At recent annual shareholder meeting, CEO Robert Benmosche said AIG intends to liquidate the remaining 18 percent AIA stake fully, which was valued at about $7.2 billion as of June 30, once the lockup agreement expires on Sept. 4.
Also, the Federal Reserve has been gradually disposing its Maiden Lane III assets. Since April, the Federal Reserve has auctioned off Collateralized debt obligations (CDOs) with about $26.8 billion of notional value out of the $46.8 billion at the end of the first quarter.
The cash proceeds from recent asset sales fully paid down the Federal Reserve's loan to the Maiden Lane III joint venture. Once the portfolio is fully liquidated, AIG is entitled to its $5.6 billion equity interest plus one-third of the residual value.

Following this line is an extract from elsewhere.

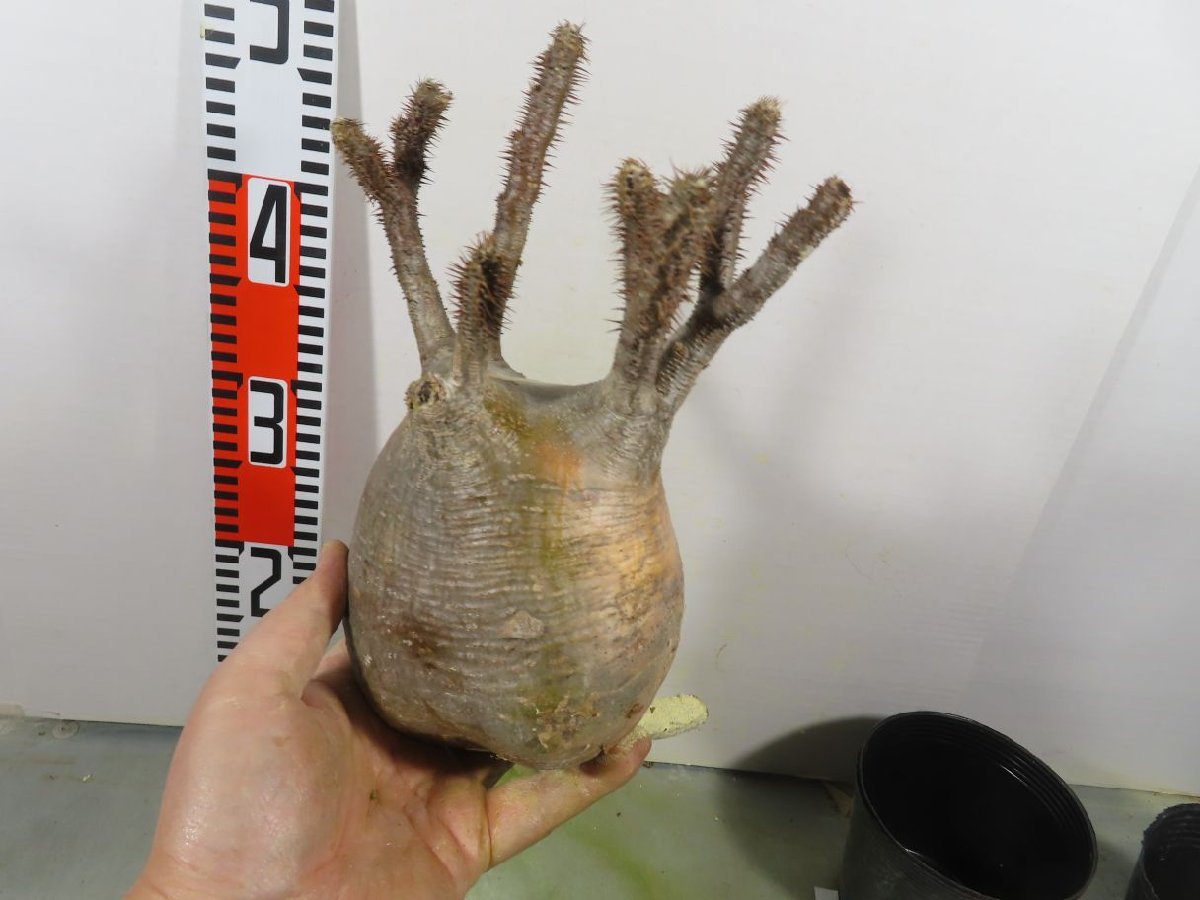 セ158 「現地株」パキポディウム グラキリス ML 抜き苗【/最新到着・マダガスカル・gracilius・根切り画像要確認】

"With the pending sale of its remaining AIA stake and a possible full liquidation of Maiden Lane III by 4Q12—in addition to other likely non-core asset sales/monetization—we think AIG could potentially repurchase $15-20B of common shares (or 24-33% of market cap) in future U.S. Treasury secondary offering," UBS analyst Andrew Kligerman wrote in a note to clients.
Kligerman said the next share repurchase would likely be much bigger in size, given regulatory constraint, as opposed to the previous $3 billion and $2 billion of share repurchases.

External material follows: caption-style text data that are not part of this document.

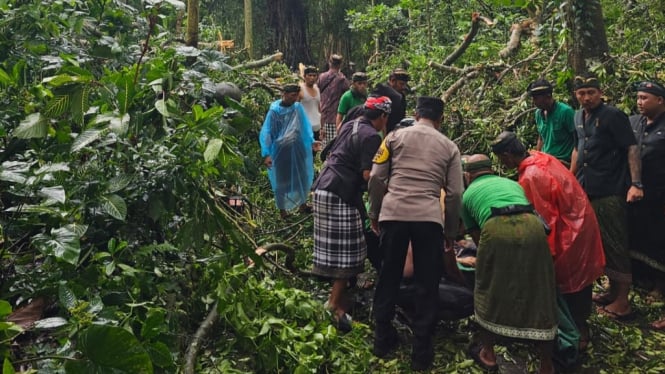 Pohon tumbang di kawasan Monkey Forest Ubud menimpa wisatawan asing.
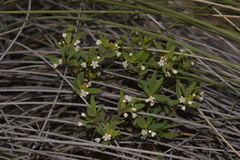 Monotaxis bracteata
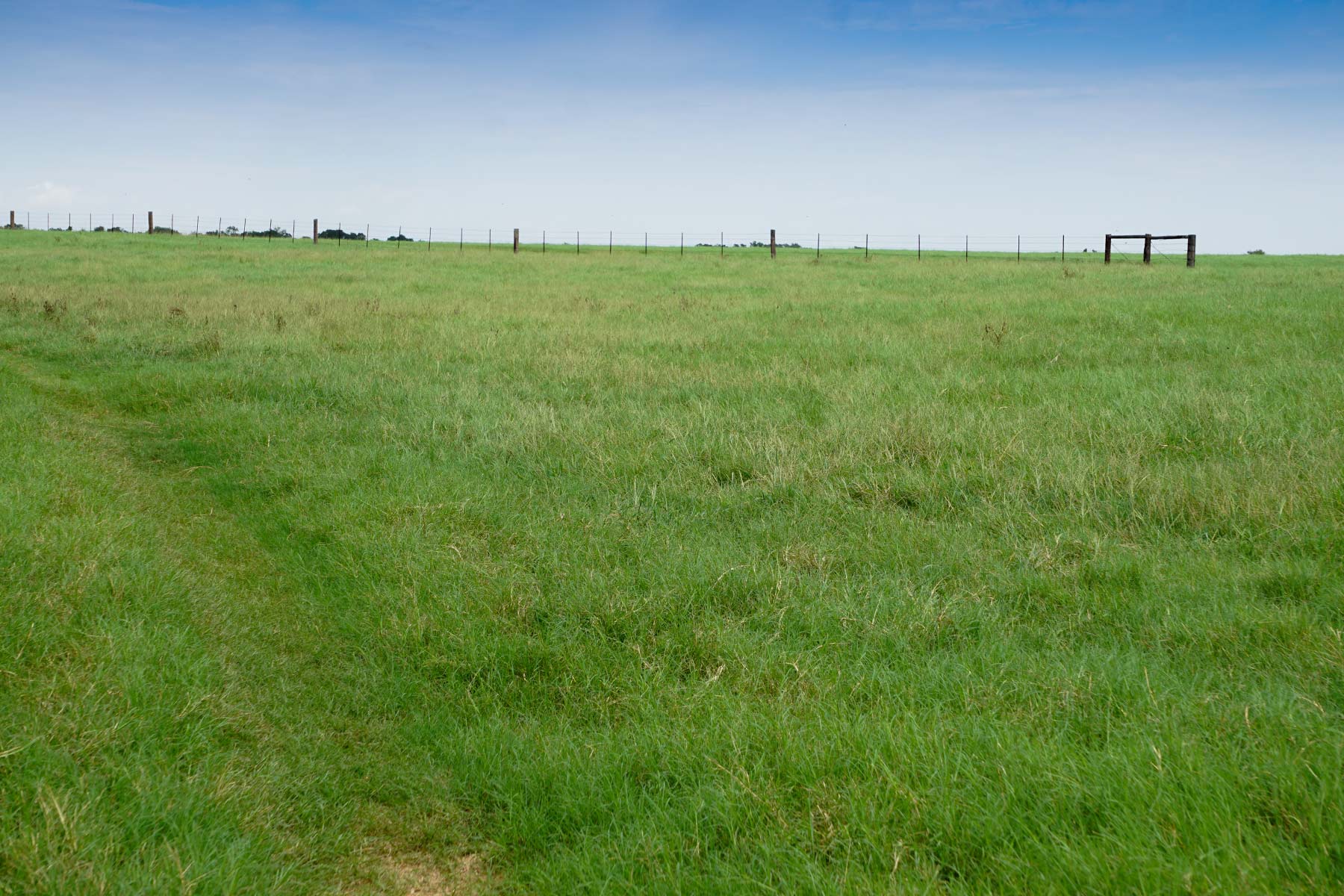 Walnut Creek Ranch property picture 14 of 60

AIG expects that once the U.S. Treasury's ownership in AIG falls below 50 percent, it will be regulated by the Federal Reserve Bank—which may limit AIG's ability to repurchase shares, as any capital management decision will likely be subject to the Fed's approval.
"As such, we think AIG will maximize the impact of its next share repurchase," the analyst noted.
Moreover, AIG would see robust EPS accretion from possible outsized share repurchase. Assuming a $20 billion share repurchase in the third quarter of 2012 at today's closing price, Kligerman expects an EPS accretion of about 21 percent to 2013 earnings estimate.
Though, the prospect of an outsized share repurchase as a favorable near-term catalyst, the longer-term value of AIG's share price is highly dependent on the performance of its core insurance segments - Chartis and SunAmerica. In addition, SunAmerica's performance could be pressured, as low interest rates may prove to be a dampener for the unit.
Chartis segment may find it difficult to achieve a 90 to 95 percent combined ratio by 2015 due to the modest insurance rates and potential for adverse loss reserve development for the competitive 2008-2010 accident years.
"Although AIG showed solid progress in 1Q12, we think its "aspirational goal" of 10%+ ROE by 2015 remains a challenge," Kligerman added.